Wyobraź sobie, że twoje imię zawsze pisze się
małą literą.
Wyobraź sobie, że od zawsze mieszkasz w szkole,
w której uczysz się, jak stać się najpiękniejszą, najszczuplejszą i najlepiej
ubraną. W której nieustannie porównujesz się z „przyjaciółkami”.

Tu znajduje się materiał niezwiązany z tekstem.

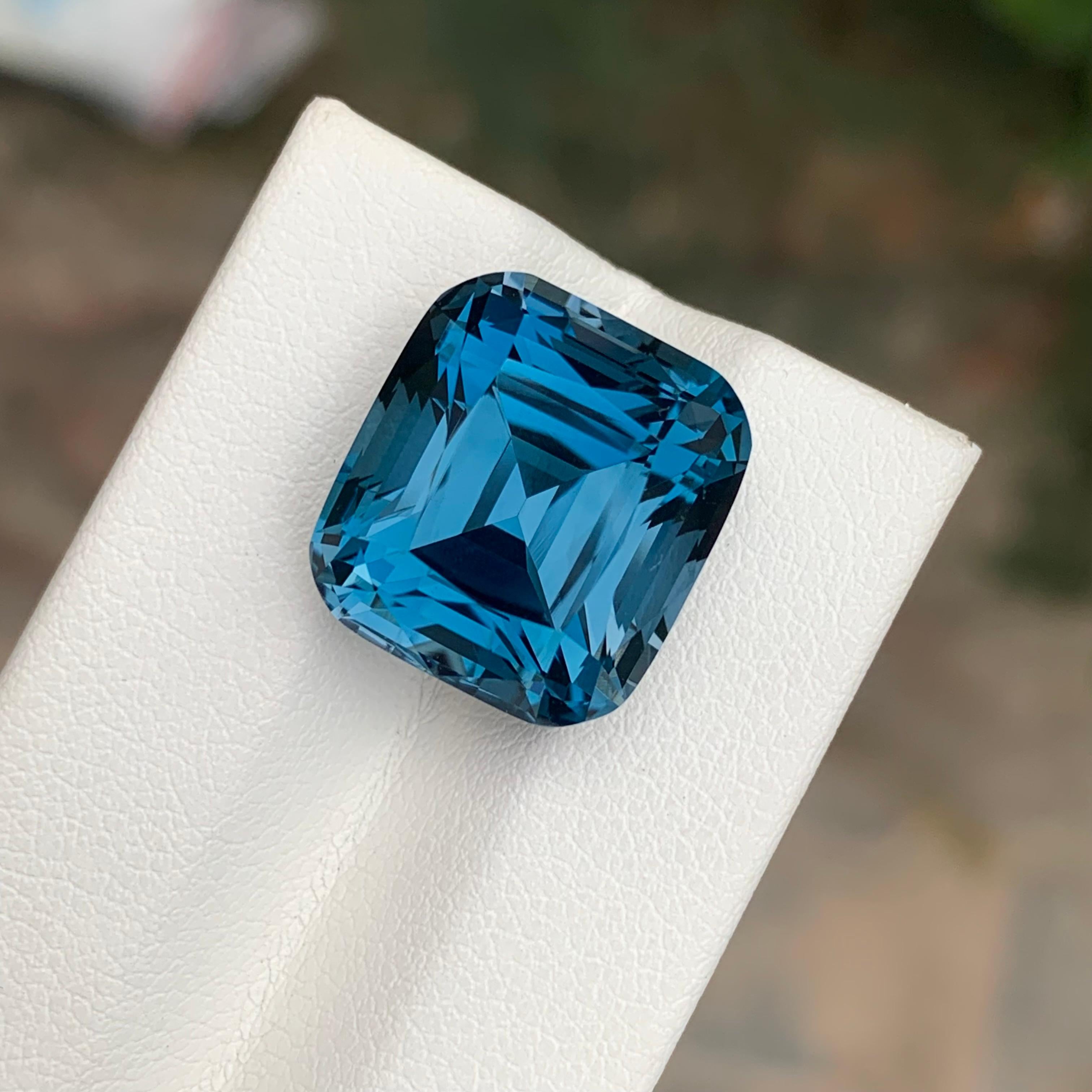 Loose London Blue Topaz 

Weight: 19.60 Carats
Dimension: 14.9 x 13.6 x 11.2 Mm 
Origin: Brazil
Shape: Cushion 
Color: Deep Blue
Certificate: On Customer Demand

London Blue Topaz is a mesmerizing variety of topaz renowned for its deep and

Wyobraź sobie, że najważniejsze dla ciebie jest
miejsce w rankingu doskonałości, bo tylko od niego będzie zależało
zainteresowanie mężczyzn. To ono określi, co się z tobą stanie, gdy skończysz
szkołę.
Musisz być piękna. Musisz być dobra. Musisz być
uległa.
Czy naprawdę chcesz tak żyć?”
Moja opinia:
Świat całkowicie
się zmienił. Teraz kobiety nie rodzą kobiet, a naszego gatunku już nie ma. Istnieją
natomiast Strefy, w których schroniły się ocalałe osoby, które zaczęły
realizować projekt mający naprawić nowy świat. Wszystko co było niedostatecznie
dobre zostało wyeliminowane. Nowy świat ma być idealny, tak jak Jałówki – czyli
kobiety, które produkuje się dla dziedziców. Jałówki muszą być idealne, piękne,
ich inteligencja nie jest ważna. W ich świecie panuje rywalizacja, każda z nich
chce być najlepsza. Najładniejsza, najlepiej ubrana, najbardziej idealna.
Ta powieść w
pewien sposób ciekawie ukazuje nasze realia, to, do czego zmierza ten świat.
Kobiety coraz częściej dbają o to, by wyglądać wręcz jak lalki. Nie dobrze,
lecz sztucznie. Media ukazują nam idealne zdjęcia idealnych pań, z wieloma
warstwami makijażu i graficznej obróbki. Czy naprawdę wygląd jest ważniejszy od
tego, co sobą reprezentujemy? Kanon piękna nieustannie się zmienia, ale to,
czym się kierujemy, wartości moralne, to z nami zostaje.
„Lepsza niż ja” to
powieść, która ukazuje brutalność świata, w którym bardziej liczy się wygląd
niż inteligencja. Równie ważna przestała być autonomia, czy też indywidualizm,
które zastąpiono masową produkcją i określonym kanonem zachowań.
Ta powieść ukazuje
wiele zachowań, z którymi spotykamy się na co dzień. Robienie pięknych zdjęć i
wrzucanie ich do sieci, aby każdy mógł wszystko zobaczyć. Fotografowanie
dosłownie wszystkiego, a po co? Aby brać udział w bezsensownej rywalizacji?
Książka jest godna
polecenia. Przede wszystkim niesie ze sobą wartości i jest po prostu życiowo
mądra. Porusza ważny problem, jaki jest samoakceptacja, której wielu osobom
brakuje. Powieść jest dobrze napisana, czyta się ją jednym tchem, a główna
bohaterka to świetna dziewczyna.
„Lepsza niż ja” to
dobrze napisana powieść, kierowana do młodzieży, która spodoba się również
dorosłym czytelnikom. Jest to historia zaskakująca, którą szczerze Wam polecam.